Panas menyengat di puncak kepalanya, membuat seorang yang sedang berjalan dengan lemah merasa pusing. Seseorang tersebut merupakan lelaki muda bernama Pangeran Purbaya yang sedang dalam perjalanan hendak menumpas pemberontakan di Cirebon. Ia terlihat kesakitan setelah berjalan sangat jauh, dari sebuah kejauhan Ia melihat sebuah gubug yang terlihat bersih.
“Mungkin saja, Aku bisa meminta pertolongan pada orang yang tinggal di gubug tersebut” ujar Purbaya dengan lirih sambil terus berjalan.
“Permisi… apakah ada orang? Saya butuh bantuan,” ucap Pangeran Purbaya.
“Astaga! Tuan, Anda terluka! Masuklah, Saya bantu obati,” ucap Nyai Pedaringan beruntun sembari membantu memapah tubuh Pangeran yang mulai limbung, membawana masuk ke dalam gubug. Sang Nyai begerak cepat mempersiapkan obat herbal untuk Pangeran, Ia mengambil kendi berisi air, jarit, dan batok kelapa yang berisi minyak kelapa dengan campuran daun sirih.
“Mohon tahan sebentar Tuan, mungkin ini akan sedikit sakit” ucap Nyai Pedaringan sembari membersihkan luka di kaki dan lengan pangeran dengan air.
Sesekali Pangeran Purbaya meringis sembari menatap kosong, ketika Nyai Pedaringan mengoleskan ramuan minyak kelapa dalam batok. “Apa yang terjadi pada anda, Tuan?” tanya Nyai Pedaringan.
“Saya Pangeran Purbaya dari Mataram,” ucap Pangeran Purbaya sembari menatap luka pada tubuhnya yang sedang dibalut dengan jarit oleh Nyai Pedaringan. “Saya terkena serangan dalam perjalanan menuju Cirebon,”
Setelah selesai diobati, Ia diberi makan dan minum oleh sang pemiliki gubug. “Makan dan beristirahatlah barang sebentar disini, sebelum Tuan melanjutkan perjalanan,” ucap Nyai Pedaringan. Pangeran Purbaya mengangguk lelah dan mulai makan.
Hari beranjak sore ketika Pangeran Purbaya bersiap untuk melanjutkan perjalanan ke Cirebon. “Nyi, terima kasih atas pertolongan Anda kepada Saya,” ucap Pangeran Purbaya sembari memberikan sebuah keris. “Terimalah pusaka Simonglong ini, Nyi.

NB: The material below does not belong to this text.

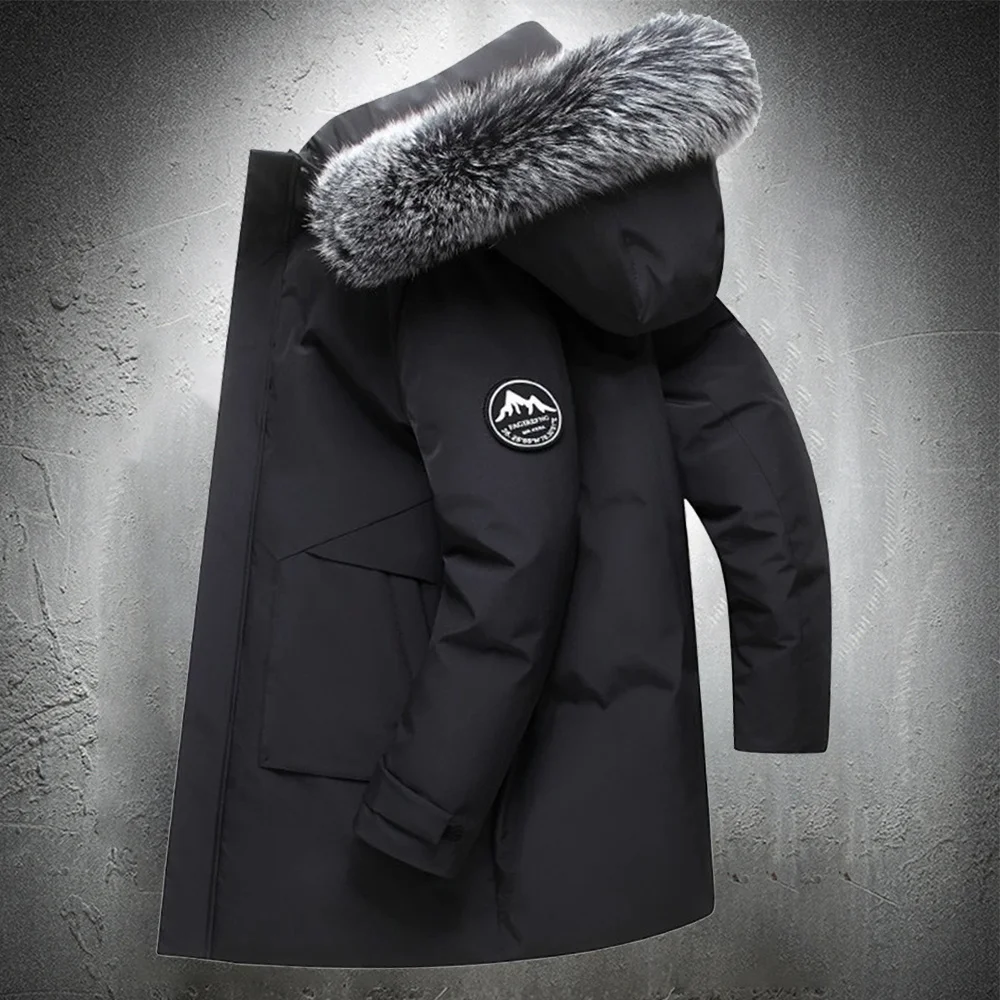 

Doudoune Longue à Col En Fourrure Pour Homme, Parka D'hiver, Vêtement D'extérieur, Pardessus Épais, Long, à La Mode, Par Temps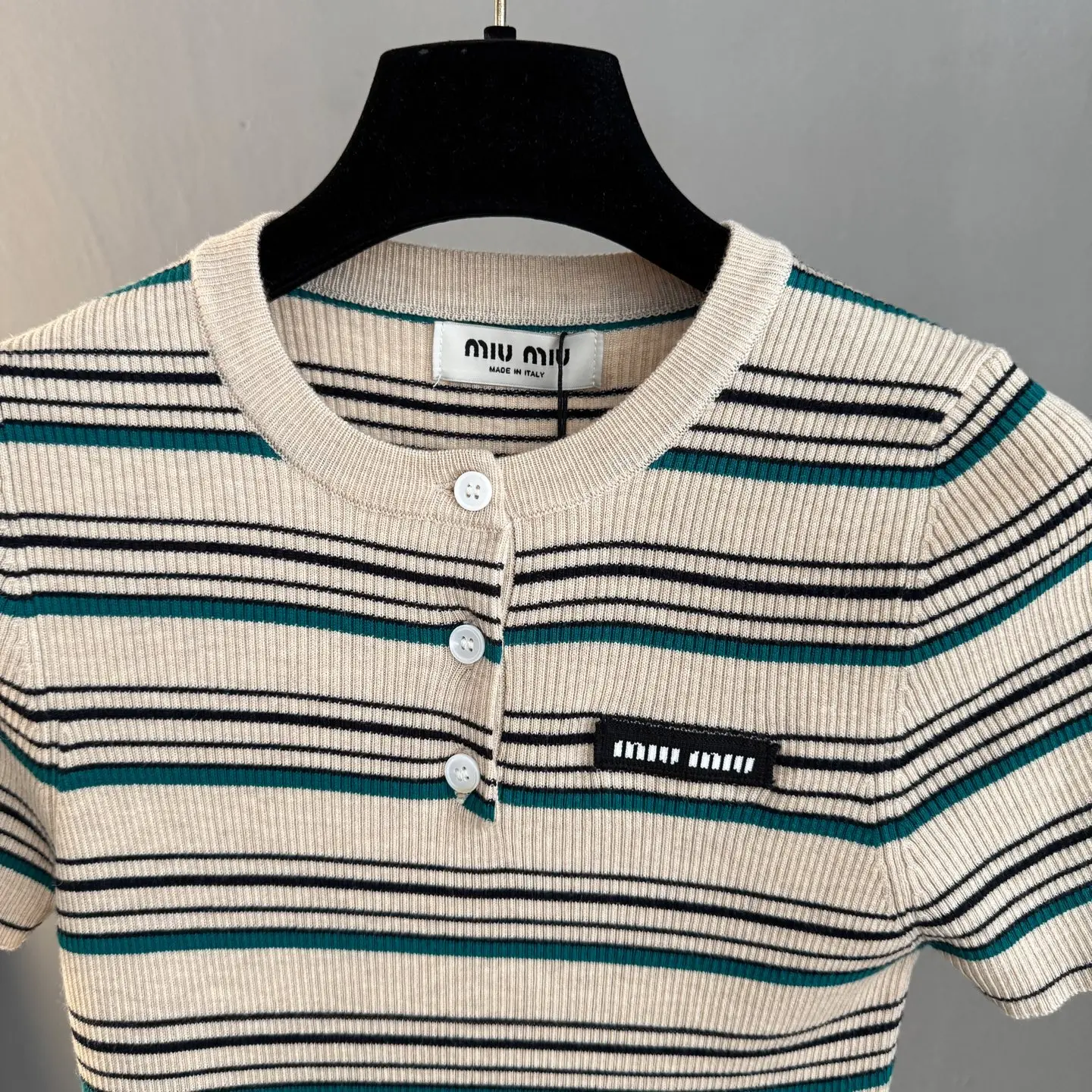 Striped Ribbed-Knit Henley Top D23524053 — view 3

Berikanlah kepada keturunanmu kelak, kebaikanmu tidak akan saya lupakan,”
“Dengan senang hati saya dapat membantu Pangeran seperti Anda, semua ini bukanlah apa-apa,” ucap Nyai Pedaringan menerima keris dengan sungkan. Sang Pangeran Purbaya melanjutkan perjalanannya ke Cirebon. Ia melewati sebuah Sungai kecil nan Panjang yang dinamainya “Pemalang” untuk mengingat perjalannya tadi.
Langit mulai menggelap ketika Ki Pedaringan tiba di gubug. Matahari telah pulang dan menyisakan semburat jingga menuju gelap. Angin malam berhembus lebih kencang dari biasanya. Lelah akan aktivitasnya di kebun, Ia pun mulai membersihkan diri dan memasuki kamar untuk beristirahat sebentar sebelum makan. Dilihatnya sebuah keris tertutup di belakang lemari, Ia menatapnya curiga.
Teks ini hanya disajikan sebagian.